DATA EXTRACT:
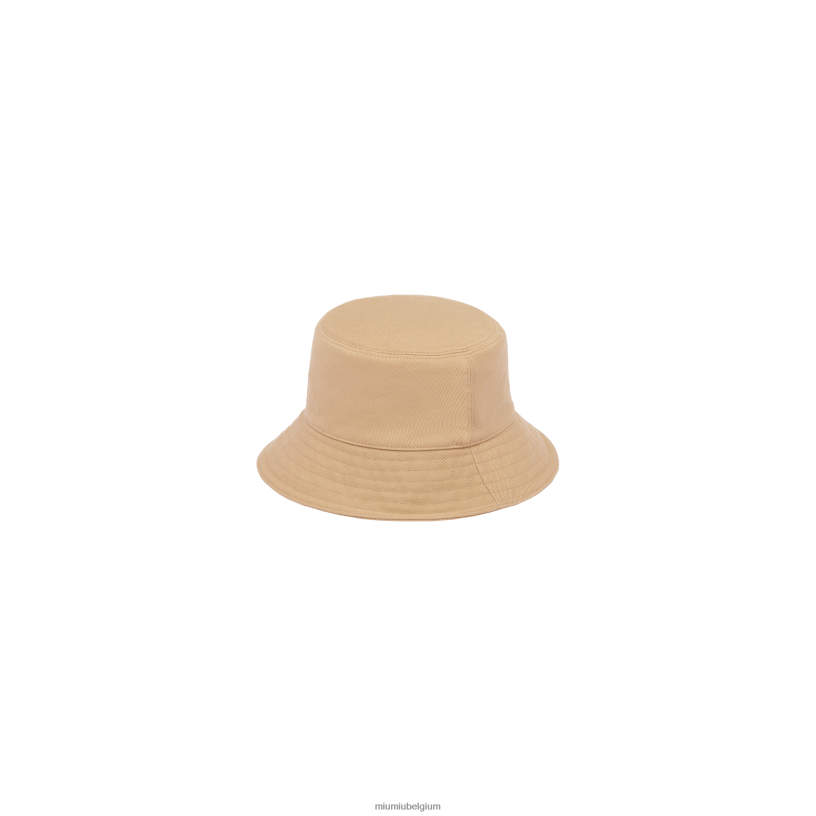 Miu Miu kaki/witboor emmer hoed N8F6L1206 accessoires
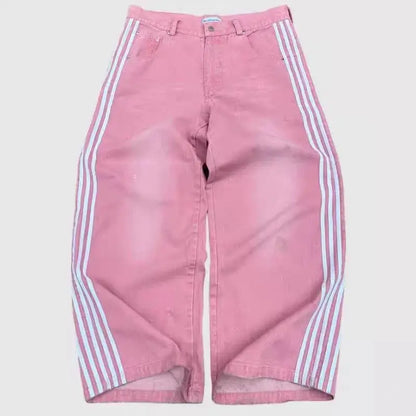 American Harajuku Style Baggy Jeans Y2K Streetwear Striped Denim Pant Men Women Casual Wide Leg Trousers Trendy High Street Pant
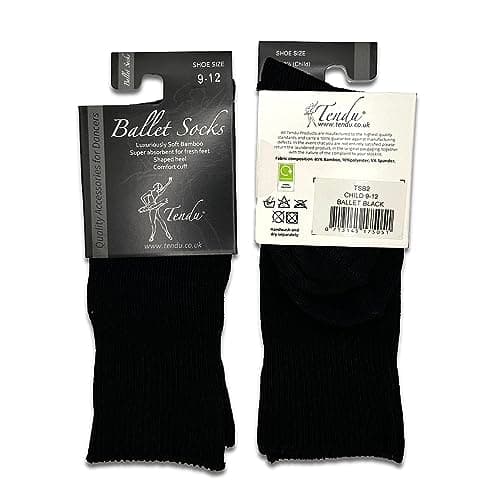 Image of Tendu Bamboo Ballet Socks (BLACK, UK Child Shoe Size 9-12)…ASIN B07DGHWDJQ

GOAL OF THE EXERCISE: Exactly as written, return each line above and leave the pictures behind.

ANSWER BELOW:
 Miu Miu kaki/witboor emmer hoed N8F6L1206 accessoires
 American Harajuku Style Baggy Jeans Y2K Streetwear Striped Denim Pant Men Women Casual Wide Leg Trousers Trendy High Street Pant
 Image of Tendu Bamboo Ballet Socks (BLACK, UK Child Shoe Size 9-12)…ASIN B07DGHWDJQ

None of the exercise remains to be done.